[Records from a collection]
──────

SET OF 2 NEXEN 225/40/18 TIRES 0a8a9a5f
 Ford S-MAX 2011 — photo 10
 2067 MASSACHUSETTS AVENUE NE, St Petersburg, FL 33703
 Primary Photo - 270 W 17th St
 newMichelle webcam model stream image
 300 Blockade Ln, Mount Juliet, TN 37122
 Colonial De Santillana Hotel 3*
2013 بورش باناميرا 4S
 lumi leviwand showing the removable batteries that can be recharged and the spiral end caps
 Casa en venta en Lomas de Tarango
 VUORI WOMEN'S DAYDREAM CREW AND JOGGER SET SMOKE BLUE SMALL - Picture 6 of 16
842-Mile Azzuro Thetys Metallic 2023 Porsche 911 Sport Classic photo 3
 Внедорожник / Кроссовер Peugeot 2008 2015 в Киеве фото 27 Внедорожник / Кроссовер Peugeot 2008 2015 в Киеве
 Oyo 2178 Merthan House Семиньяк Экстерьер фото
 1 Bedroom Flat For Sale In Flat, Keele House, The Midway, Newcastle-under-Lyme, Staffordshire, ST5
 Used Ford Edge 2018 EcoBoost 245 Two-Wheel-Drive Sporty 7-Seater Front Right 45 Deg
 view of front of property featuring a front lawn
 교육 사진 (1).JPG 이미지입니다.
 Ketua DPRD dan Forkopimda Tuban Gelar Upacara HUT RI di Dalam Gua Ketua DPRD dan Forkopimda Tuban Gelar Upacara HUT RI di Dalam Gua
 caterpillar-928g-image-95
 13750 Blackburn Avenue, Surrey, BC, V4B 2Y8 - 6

──────

→ What you have to do
Give back all of the data exactly, with every line intact.

→ Exercise answer
SET OF 2 NEXEN 225/40/18 TIRES 0a8a9a5f
 Ford S-MAX 2011 — photo 10
 2067 MASSACHUSETTS AVENUE NE, St Petersburg, FL 33703
 Primary Photo - 270 W 17th St
 newMichelle webcam model stream image
 300 Blockade Ln, Mount Juliet, TN 37122
 Colonial De Santillana Hotel 3*
2013 بورش باناميرا 4S
 lumi leviwand showing the removable batteries that can be recharged and the spiral end caps
 Casa en venta en Lomas de Tarango
 VUORI WOMEN'S DAYDREAM CREW AND JOGGER SET SMOKE BLUE SMALL - Picture 6 of 16
842-Mile Azzuro Thetys Metallic 2023 Porsche 911 Sport Classic photo 3
 Внедорожник / Кроссовер Peugeot 2008 2015 в Киеве фото 27 Внедорожник / Кроссовер Peugeot 2008 2015 в Киеве
 Oyo 2178 Merthan House Семиньяк Экстерьер фото
 1 Bedroom Flat For Sale In Flat, Keele House, The Midway, Newcastle-under-Lyme, Staffordshire, ST5
 Used Ford Edge 2018 EcoBoost 245 Two-Wheel-Drive Sporty 7-Seater Front Right 45 Deg
 view of front of property featuring a front lawn
 교육 사진 (1).JPG 이미지입니다.
 Ketua DPRD dan Forkopimda Tuban Gelar Upacara HUT RI di Dalam Gua Ketua DPRD dan Forkopimda Tuban Gelar Upacara HUT RI di Dalam Gua
 caterpillar-928g-image-95
 13750 Blackburn Avenue, Surrey, BC, V4B 2Y8 - 6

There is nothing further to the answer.